Short web captions:

"""

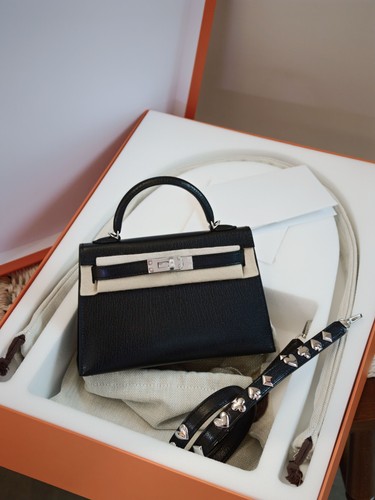 AUTH Hermes Kelly Mini II Black Chèvre Leather SHW Rivet Strap Crossbody Bag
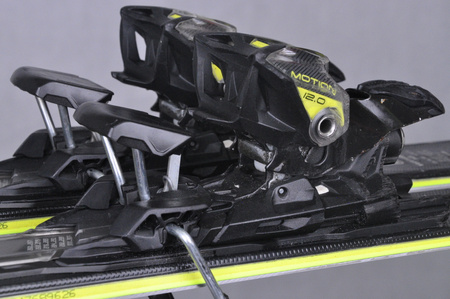 NARTY UŻYWANE VOLKL RACETIGER SC 24/25 + VMotion 12 165 cm NRC831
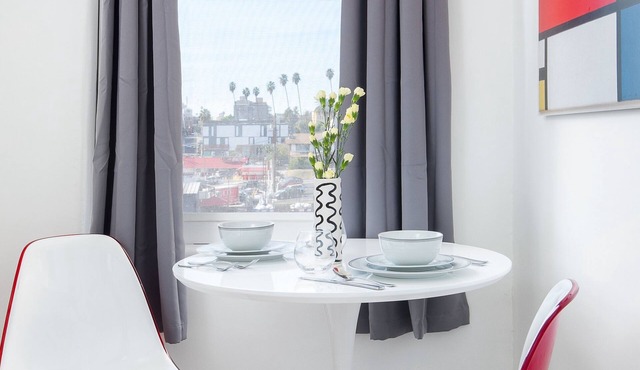 Modern Studio Near Downtown LA! 420-Friendly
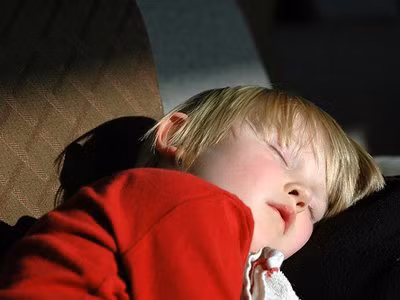 Cần cho trẻ đi ngủ sớm. Những trẻ có thời gian đi ngủ vào một giờ cố định giỏi hơn về ngôn ngữ, toán và đọc. Trước độ tuổi đi học, trẻ cần ngủ ít nhất 11 tiếng mỗi ngày. Trẻ dưới 12 tuổi cần ngủ tối thiểu 10 tiếng mỗi ngày. 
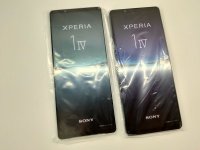 ａｕ　ＳＯＧ０６　Ｘｐｅｒｉａ １IV　モックアップ　２色セット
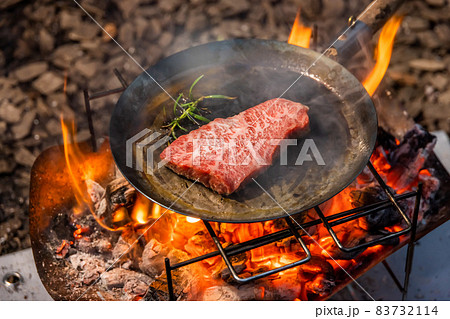 キャンプでアウトドア料理　Outdoor cooking at the campsite  83732114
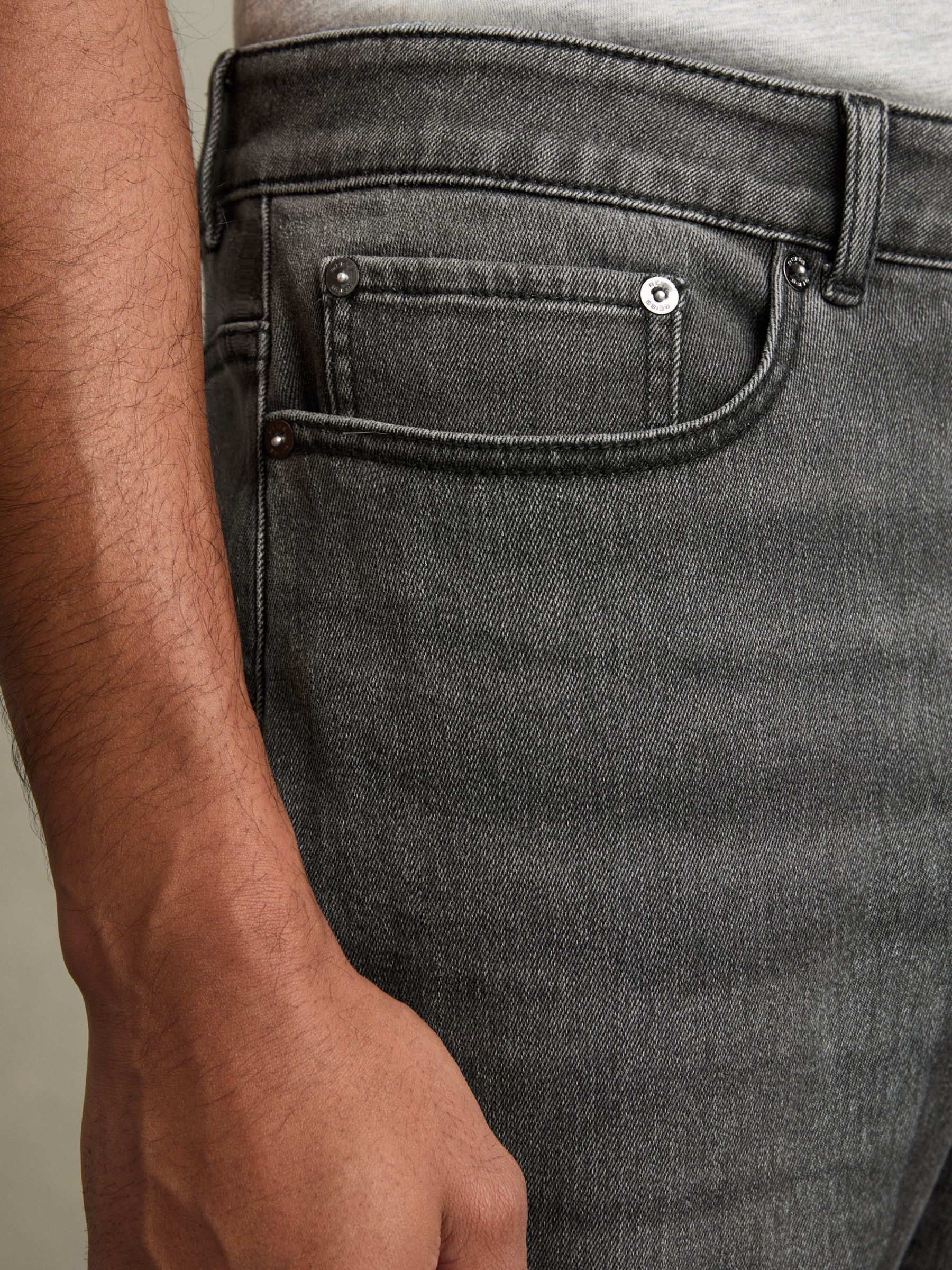 Relaxed-Fit Cropped Jeans in Washed Black - Image 4 of 6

"""

**WHAT NEEDS TO BE DONE:** Without including any pictures, reproduce the data exactly.

**RESULT FOR THIS TASK:**
 AUTH Hermes Kelly Mini II Black Chèvre Leather SHW Rivet Strap Crossbody Bag
 NARTY UŻYWANE VOLKL RACETIGER SC 24/25 + VMotion 12 165 cm NRC831
 Modern Studio Near Downtown LA! 420-Friendly
 Cần cho trẻ đi ngủ sớm. Những trẻ có thời gian đi ngủ vào một giờ cố định giỏi hơn về ngôn ngữ, toán và đọc. Trước độ tuổi đi học, trẻ cần ngủ ít nhất 11 tiếng mỗi ngày. Trẻ dưới 12 tuổi cần ngủ tối thiểu 10 tiếng mỗi ngày. 
 ａｕ　ＳＯＧ０６　Ｘｐｅｒｉａ １IV　モックアップ　２色セット
 キャンプでアウトドア料理　Outdoor cooking at the campsite  83732114
 Relaxed-Fit Cropped Jeans in Washed Black - Image 4 of 6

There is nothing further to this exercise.